Required work
Pictures stay out; everything else in the records below is copied exactly.

Source information
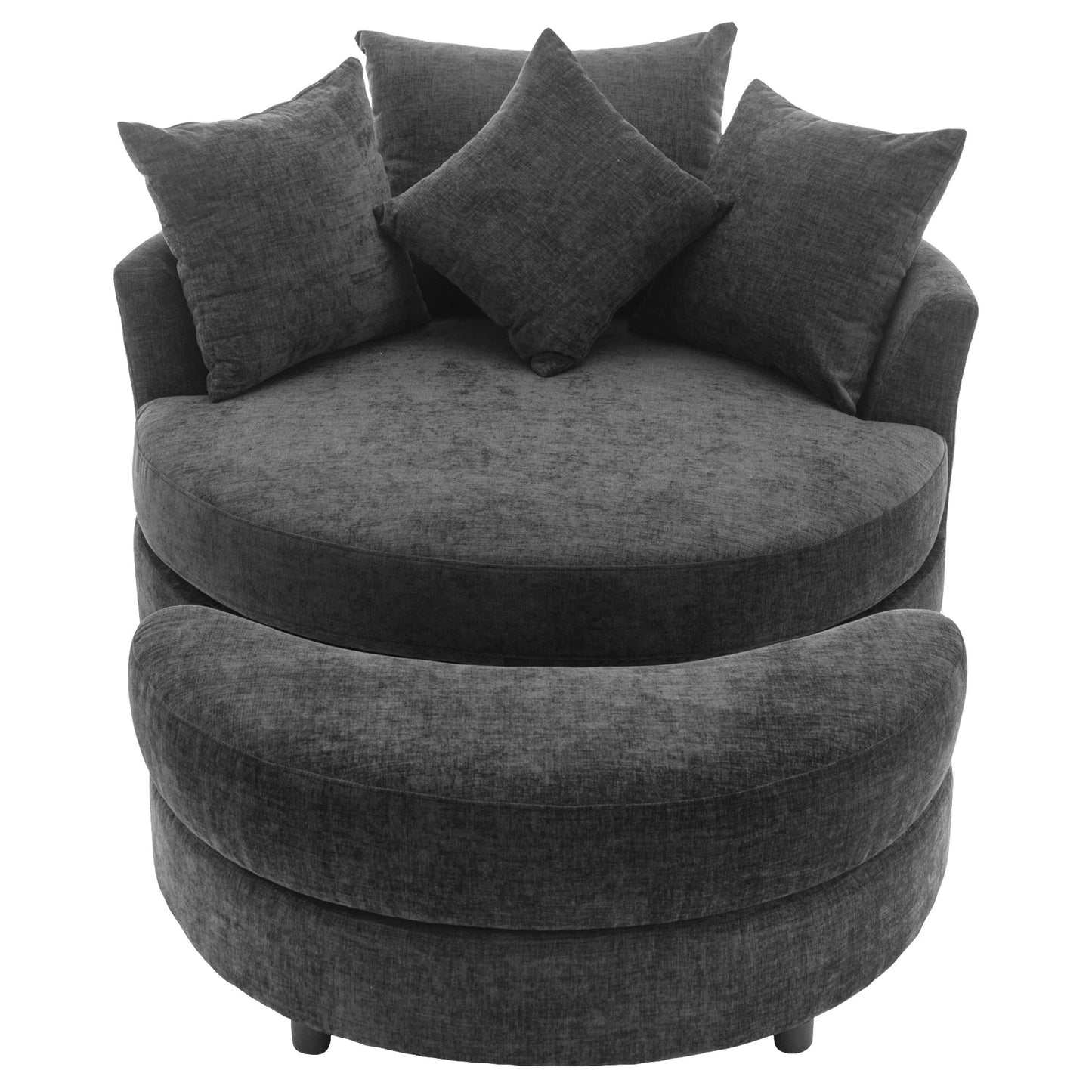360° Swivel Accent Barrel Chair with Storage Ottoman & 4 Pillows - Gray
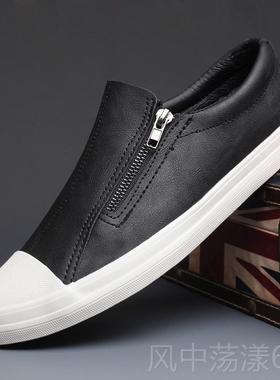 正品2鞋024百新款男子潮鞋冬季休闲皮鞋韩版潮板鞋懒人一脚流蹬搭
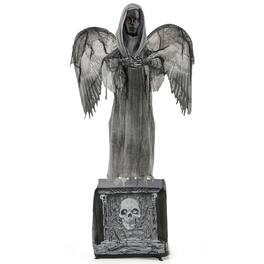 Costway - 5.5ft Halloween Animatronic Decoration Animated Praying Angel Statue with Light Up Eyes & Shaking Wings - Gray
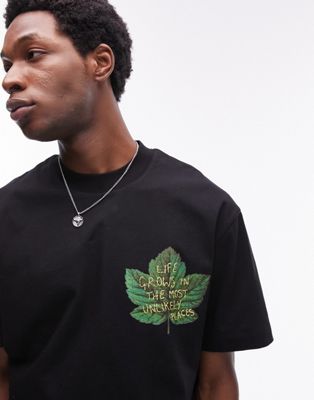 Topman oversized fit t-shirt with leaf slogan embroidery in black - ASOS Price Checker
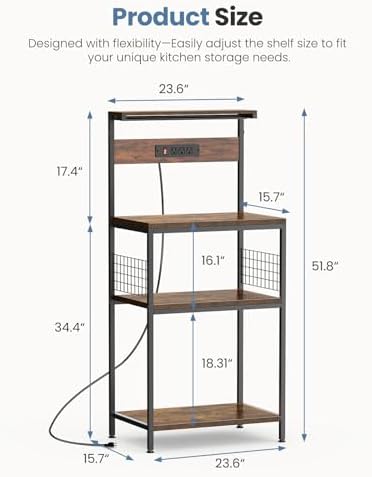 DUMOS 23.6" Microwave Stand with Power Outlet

Task result
360° Swivel Accent Barrel Chair with Storage Ottoman & 4 Pillows - Gray
 正品2鞋024百新款男子潮鞋冬季休闲皮鞋韩版潮板鞋懒人一脚流蹬搭
 Costway - 5.5ft Halloween Animatronic Decoration Animated Praying Angel Statue with Light Up Eyes & Shaking Wings - Gray
 Topman oversized fit t-shirt with leaf slogan embroidery in black - ASOS Price Checker
 DUMOS 23.6" Microwave Stand with Power Outlet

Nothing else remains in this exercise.